MaterialBENCH: Evaluating College-Level Materials Science Problem-Solving Abilities of Large Language Models
This provides a domain-specific benchmark for assessing LLMs in materials science, which is incremental as it adapts existing evaluation methods to a new field.
The authors tackled the problem of evaluating large language models' (LLMs) problem-solving abilities in materials science by constructing MaterialBENCH, a college-level benchmark dataset based on university textbooks, and found performance differences among models like ChatGPT-3.5, ChatGPT-4, and Bard, with analysis of answer formats and system messages.

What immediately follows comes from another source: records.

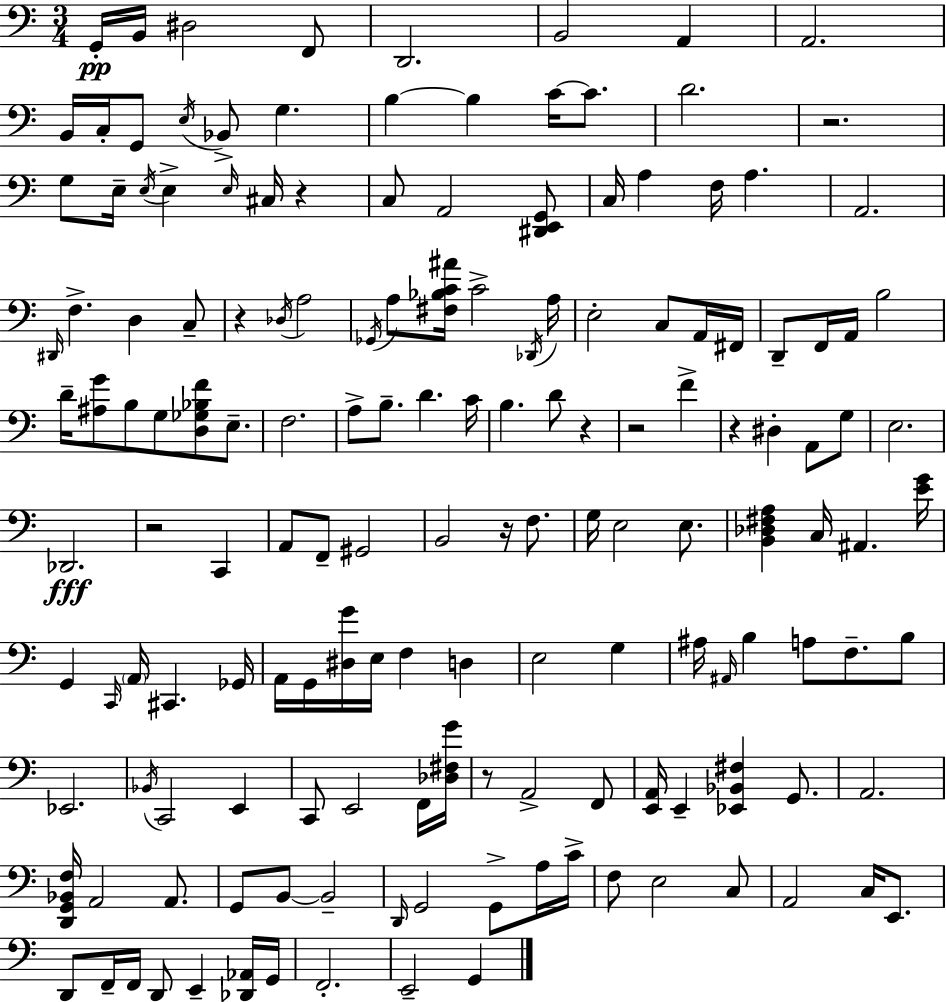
{
  \clef bass
  \numericTimeSignature
  \time 3/4
  \key c \major
  g,16-.\pp b,16 dis2 f,8 | d,2. | b,2 a,4 | a,2. | \break b,16 c16-. g,8 \acciaccatura { e16 } bes,8-> g4. | b4~~ b4 c'16~~ c'8. | d'2. | r2. | \break g8 e16-- \acciaccatura { e16 } e4-> \grace { e16 } cis16 r4 | c8 a,2 | <dis, e, g,>8 c16 a4 f16 a4. | a,2. | \break \grace { dis,16 } f4.-> d4 | c8-- r4 \acciaccatura { des16 } a2 | \acciaccatura { ges,16 } a8 <fis bes c' ais'>16 c'2-> | \acciaccatura { des,16 } a16 e2-. | \break c8 a,16 fis,16 d,8-- f,16 a,16 b2 | d'16-- <ais g'>8 b8 | g8 <d ges bes f'>8 e8.-- f2. | a8-> b8.-- | \break d'4. c'16 b4. | d'8 r4 r2 | f'4-> r4 dis4-. | a,8 g8 e2. | \break des,2.\fff | r2 | c,4 a,8 f,8-- gis,2 | b,2 | \break r16 f8. g16 e2 | e8. <b, des fis a>4 c16 | ais,4. <e' g'>16 g,4 \grace { c,16 } | \parenthesize a,16 cis,4. ges,16 a,16 g,16 <dis g'>16 e16 | \break f4 d4 e2 | g4 ais16 \grace { ais,16 } b4 | a8 f8.-- b8 ees,2. | \acciaccatura { bes,16 } c,2 | \break e,4 c,8 | e,2 f,16 <des fis g'>16 r8 | a,2-> f,8 <e, a,>16 e,4-- | <ees, bes, fis>4 g,8. a,2. | \break <d, g, bes, f>16 a,2 | a,8. g,8 | b,8~~ b,2-- \grace { d,16 } g,2 | g,8-> a16 c'16-> f8 | \break e2 c8 a,2 | c16 e,8. d,8 | f,16-- f,16 d,8 e,4-- <des, aes,>16 g,16 f,2.-. | e,2-- | \break g,4 \bar "|."
}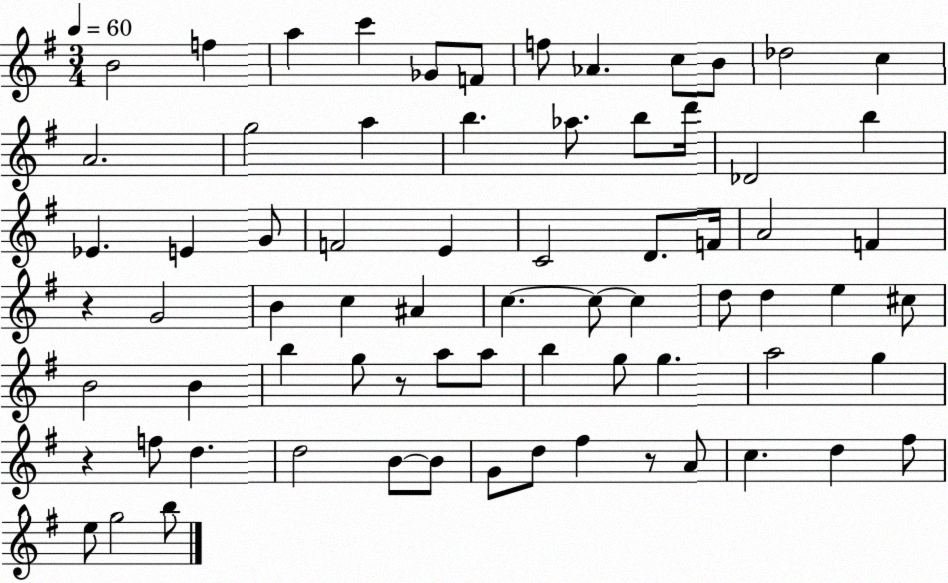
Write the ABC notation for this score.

X:1
T:Untitled
M:3/4
L:1/4
K:G
B2 f a c' _G/2 F/2 f/2 _A c/2 B/2 _d2 c A2 g2 a b _a/2 b/2 d'/4 _D2 b _E E G/2 F2 E C2 D/2 F/4 A2 F z G2 B c ^A c c/2 c d/2 d e ^c/2 B2 B b g/2 z/2 a/2 a/2 b g/2 g a2 g z f/2 d d2 B/2 B/2 G/2 d/2 ^f z/2 A/2 c d ^f/2 e/2 g2 b/2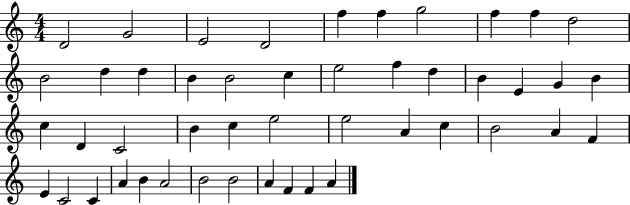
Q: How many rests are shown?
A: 0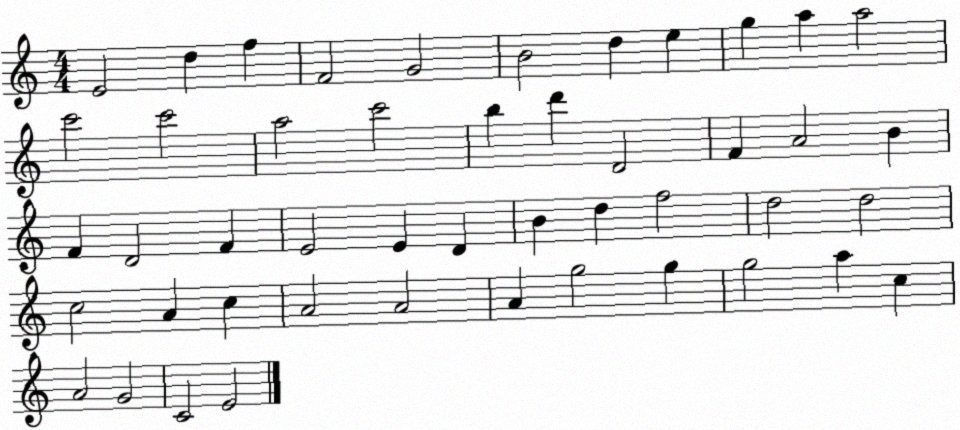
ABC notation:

X:1
T:Untitled
M:4/4
L:1/4
K:C
E2 d f F2 G2 B2 d e g a a2 c'2 c'2 a2 c'2 b d' D2 F A2 B F D2 F E2 E D B d f2 d2 d2 c2 A c A2 A2 A g2 g g2 a c A2 G2 C2 E2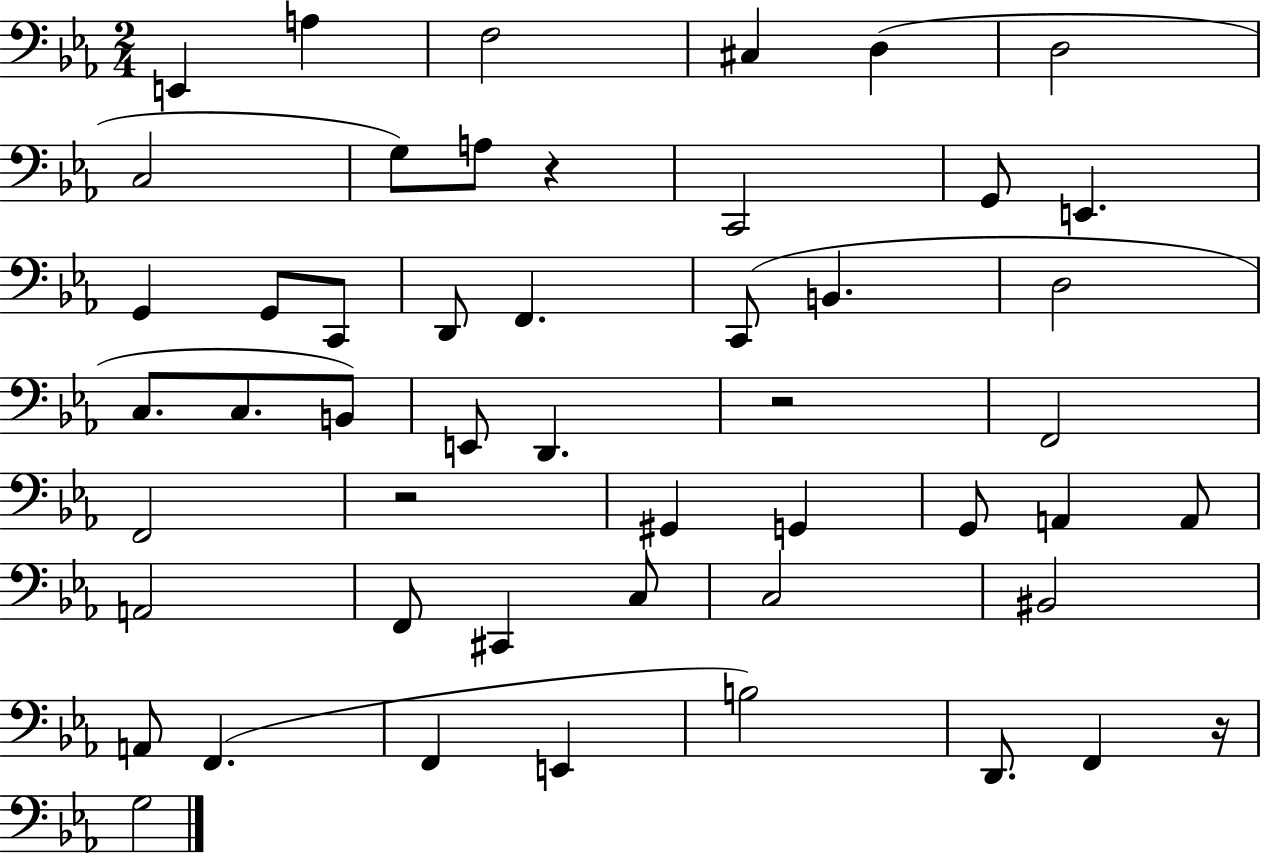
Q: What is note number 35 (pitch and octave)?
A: C#2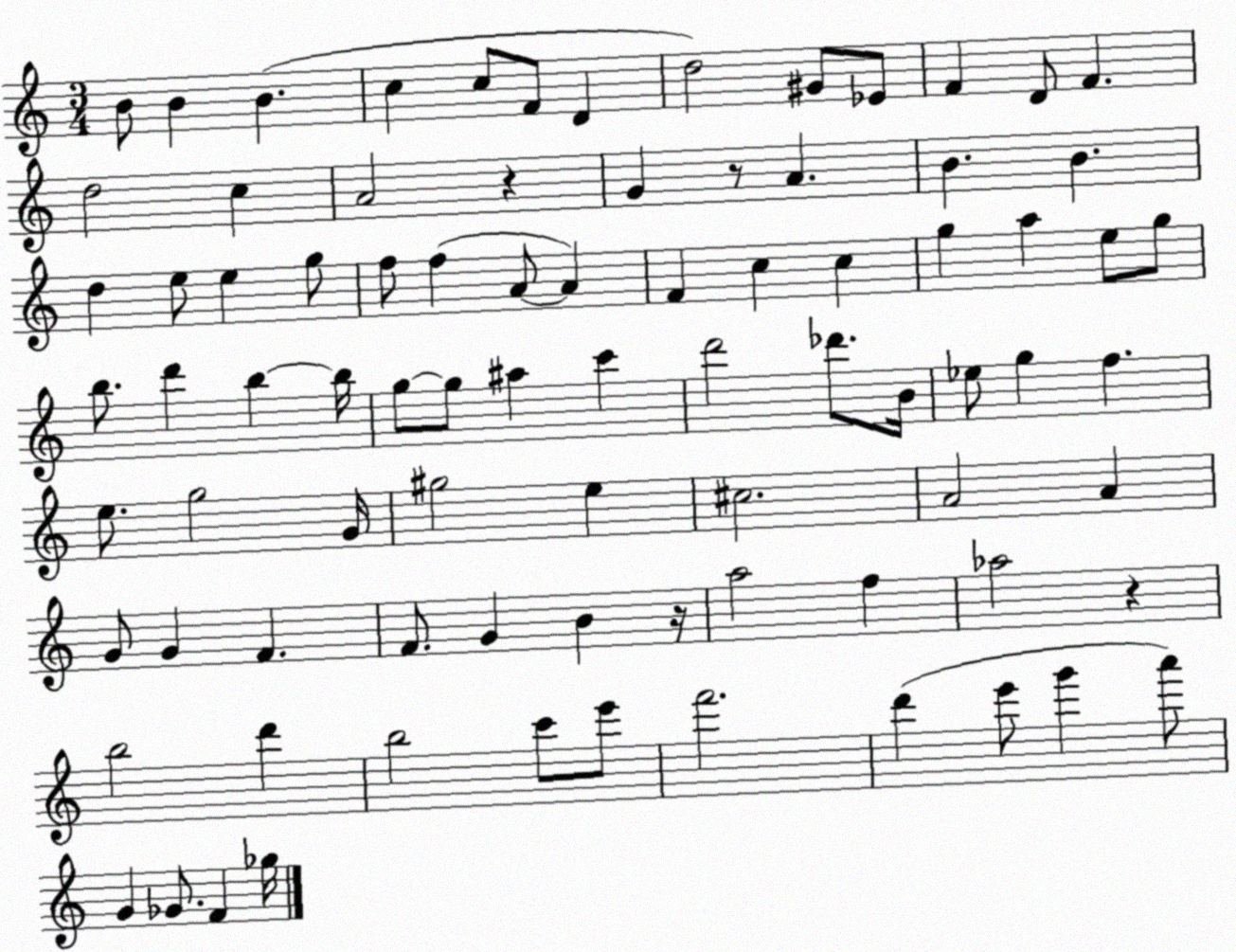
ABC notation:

X:1
T:Untitled
M:3/4
L:1/4
K:C
B/2 B B c c/2 F/2 D d2 ^G/2 _E/2 F D/2 F d2 c A2 z G z/2 A B B d e/2 e g/2 f/2 f A/2 A F c c g a e/2 g/2 b/2 d' b b/4 g/2 g/2 ^a c' d'2 _d'/2 B/4 _e/2 g f e/2 g2 G/4 ^g2 e ^c2 A2 A G/2 G F F/2 G B z/4 a2 f _a2 z b2 d' b2 c'/2 e'/2 f'2 d' e'/2 g' a'/2 G _G/2 F _g/4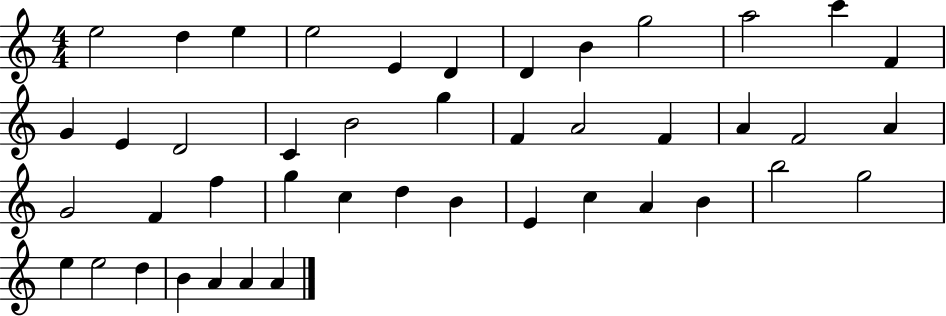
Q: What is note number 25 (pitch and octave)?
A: G4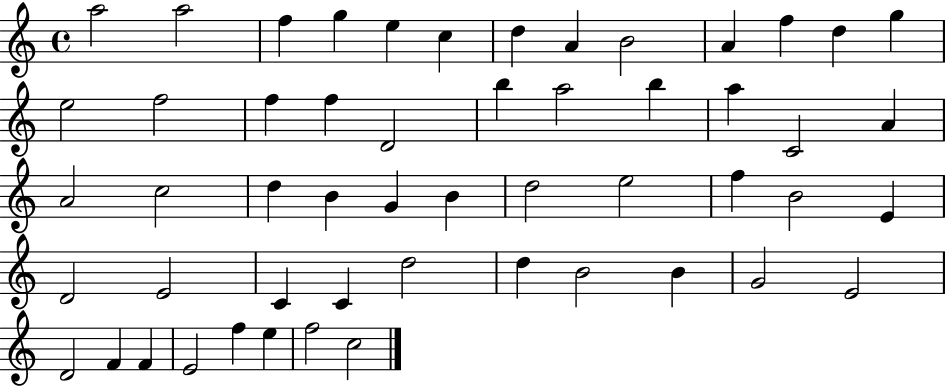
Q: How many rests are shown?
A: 0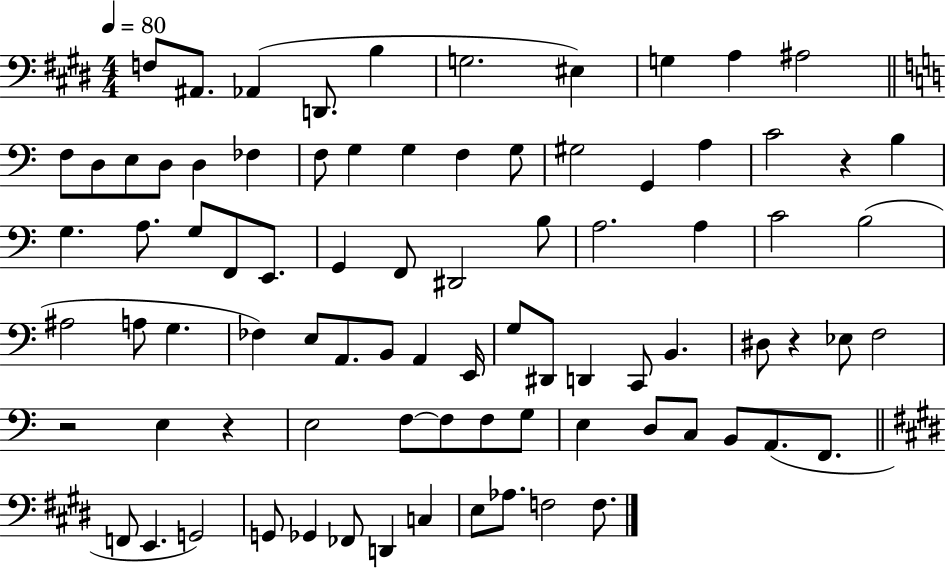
{
  \clef bass
  \numericTimeSignature
  \time 4/4
  \key e \major
  \tempo 4 = 80
  \repeat volta 2 { f8 ais,8. aes,4( d,8. b4 | g2. eis4) | g4 a4 ais2 | \bar "||" \break \key a \minor f8 d8 e8 d8 d4 fes4 | f8 g4 g4 f4 g8 | gis2 g,4 a4 | c'2 r4 b4 | \break g4. a8. g8 f,8 e,8. | g,4 f,8 dis,2 b8 | a2. a4 | c'2 b2( | \break ais2 a8 g4. | fes4) e8 a,8. b,8 a,4 e,16 | g8 dis,8 d,4 c,8 b,4. | dis8 r4 ees8 f2 | \break r2 e4 r4 | e2 f8~~ f8 f8 g8 | e4 d8 c8 b,8 a,8.( f,8. | \bar "||" \break \key e \major f,8 e,4. g,2) | g,8 ges,4 fes,8 d,4 c4 | e8 aes8. f2 f8. | } \bar "|."
}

A college-level benchmark dataset for large language models (LLMs) in the materials science field, MaterialBENCH, is constructed. This dataset consists of problem-answer pairs, based on university textbooks. There are two types of problems: one is the free-response answer type, and the other is the multiple-choice type. Multiple-choice problems are constructed by adding three incorrect answers as choices to a correct answer, so that LLMs can choose one of the four as a response. Most of the problems for free-response answer and multiple-choice types overlap except for the format of the answers. We also conduct experiments using the MaterialBENCH on LLMs, including ChatGPT-3.5, ChatGPT-4, Bard (at the time of the experiments), and GPT-3.5 and GPT-4 with the OpenAI API. The differences and similarities in the performance of LLMs measured by the MaterialBENCH are analyzed and discussed. Performance differences between the free-response type and multiple-choice type in the same models and the influence of using system massages on multiple-choice problems are also studied. We anticipate that MaterialBENCH will encourage further developments of LLMs in reasoning abilities to solve more complicated problems and eventually contribute to materials research and discovery.